Pada tahun 1938, Wirth mempublikasikan jurnal Urbanism As a Way of Live yang mengemukakan proposisi sosiologi terkait karakteristik kehidupan perkotaan yang dapat ditinjau melalui hubungan antara angka populasi, kepadatan pemukiman, dan heterogenitas penduduk.
Keterhubungan antara ketiga karakteristik kehidupan perkotaan melahirkan perspektif sosiologi, meliputi: 1) Struktur fisik, 2) Struktur sosial, dan 3) Seperangkat perilaku kolektif.
Pada dasarnya, perspektif sosiologi perkotaan dipengaruhi oleh variabel intervening, yaitu manusia. Kedudukan manusia sebagai makhluk sosial tidak dapat dilepaskan dari pengaruh individu lain dan lingkungan sekitar.

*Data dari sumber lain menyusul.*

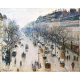 Boulevard Montmartre w zimowy poranek Camille Pissarro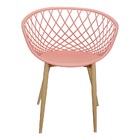 Kit 2 Cadeiras Poltrona Clarice Sidera Nest Web C/ Apoio De B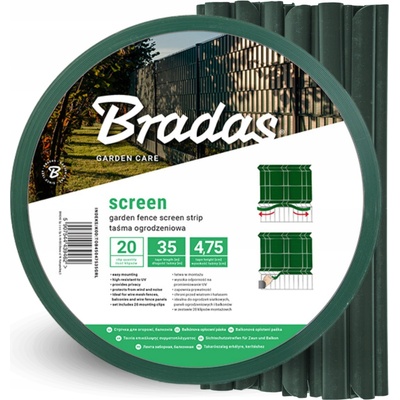 Bradas 0,0475 m x 35 m green 450g/m2 + spony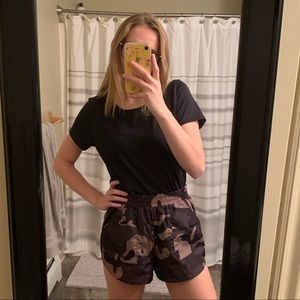 Camo Print Wind Shorts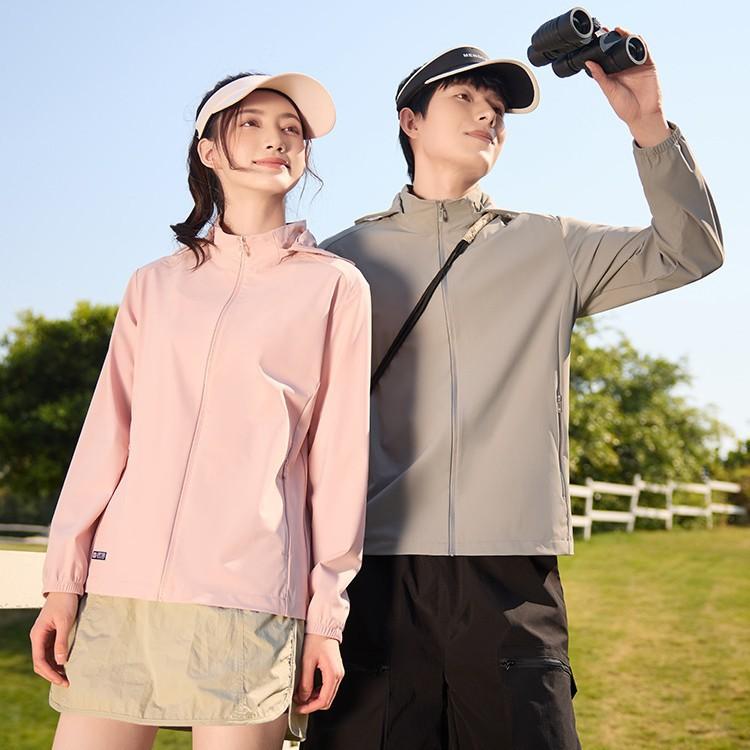 Original yarn sunscreen clothing for women's outdoor UV protection breathable sunscreen jacket for men's summer cycling sunscreen clothing UPF10 +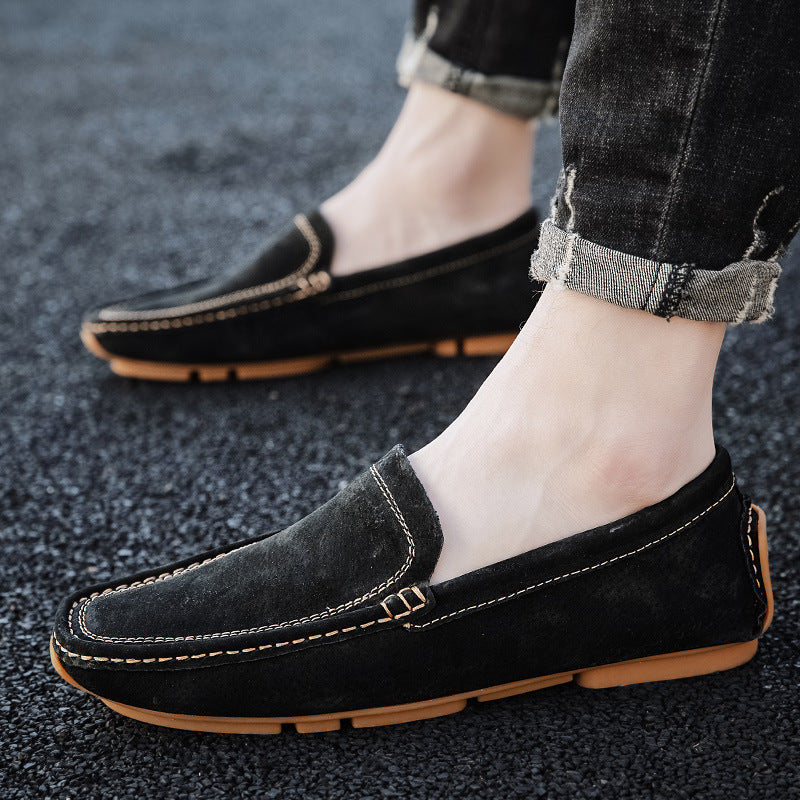 Atmungsaktive Herrenschuhe aus Echtleder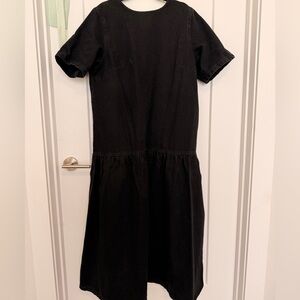 ASOS DESIGN T-shirt Denim Black Midi Dropped Waist Dress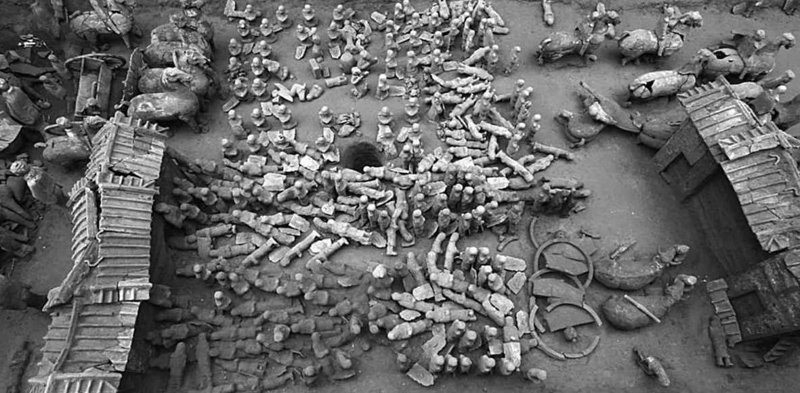 В Китае нашли мини-«Терракотовую армию» Терракотовая армия, археологи, китай, находка, раскопки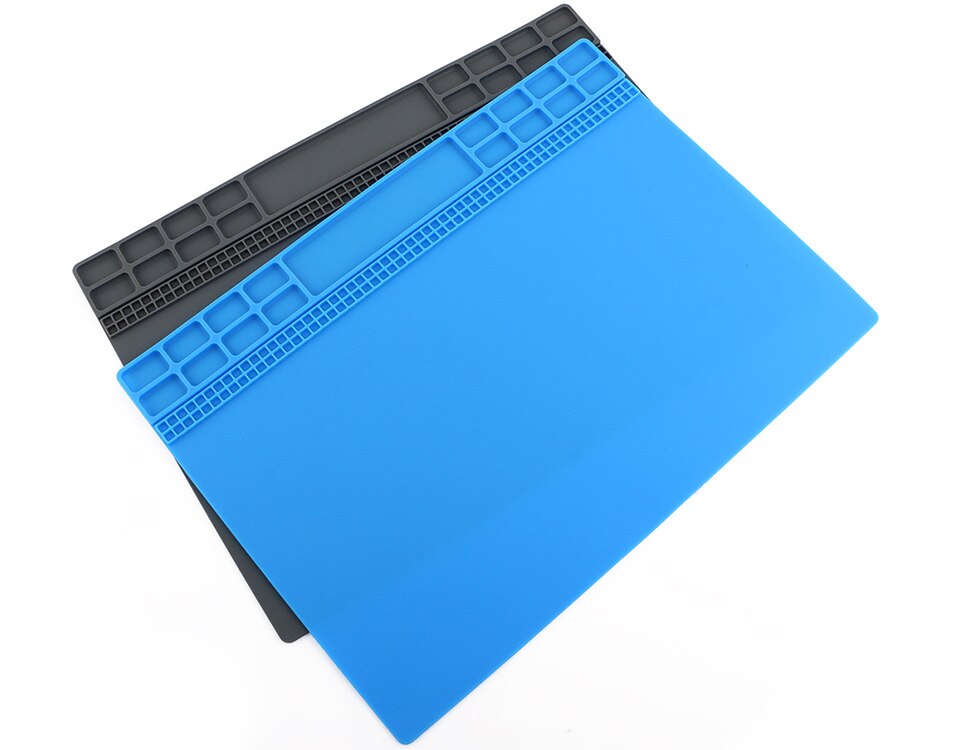 DIYFIX Soft Silicone Work Pad Heat Resistant Insulation Desk Hot Air Gun Station Mat Mobile Phone BGA PCB Soldering Repair Tool Color : 801|803 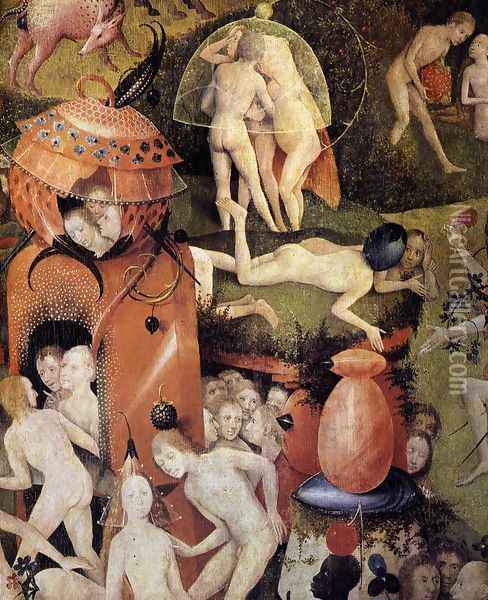 Triptych of Garden of Earthly Delights (detail 5) c. 1500 Oil Painting - Hieronymous Bosch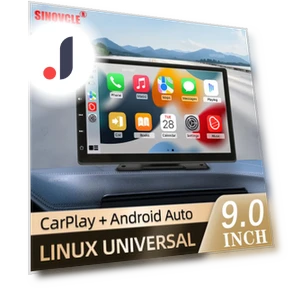 9-inch CarPlay Android Auto Car Radio — Stereo Receivers, ZoomSpark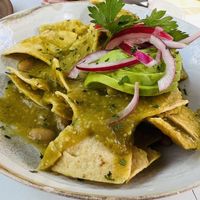 Chilaquiles   at MACANELA in Guanajuato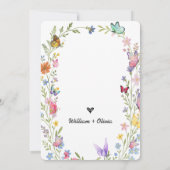 Floral Elegant Boho Wedding Kaart (Achterkant)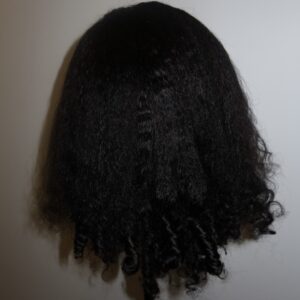 IMG_0768 Half Wig Yaki curl Virgin Hair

Secara psikis, manusia memiliki kehendak atau dorongan untuk mewujudkan interaksi sosial. Dorongan untuk mencapai bentuk interaksi antar individu berkaitan dengan salah satu hierarki kebutuhan manusia yang pernah disinggung oleh Maslow pada tahun 1943, yaitu kebutuhan keterlibatan sosial yang menempati posisi hierarki ketiga.
Kebutuhan manusia akan keterlibatan sosial dalam lingkup perkotaan biasanya dimulai dari pemukiman atau lingkungan hunian.
Hal ini dikarenakan pemukiman bertindak sebagai medium pembentukan pribadi dan budaya suatu kelompok atau komunitas yang mencerminkan masyarakatnya secara menyeluruh (Silas, 1993), sehingga manusia sebagai makhluk yang membutuhkan sense of belonging akan menginisiasikan suatu interaksi yang merupakan cikal bakal dari hubungan sosial.
Lebih dari itu, pemukiman juga bertindak sebagai sistem yang mempertimbangkan keseimbangan akan ekosistem dan sistem sosial dalam lingkungan hidup manusia yang bersifat saling ketergantungan.
Hal yang dianggap penting dalam memahami urbanisme dari segi sosiologi adalah melalui kekhasan gaya hidup suatu kelompok yang ditinjau melalui perilaku para individu di dalamnya.
Faktor-faktor yang memengaruhi perilaku para individu secara kolektif diperlukan untuk mengemukakan perbedaan dalam hal mengukur tiga fungsi perspektif sosiologi perkotaan, yakni struktur fisik, struktur sosial dan seperangkat perilaku.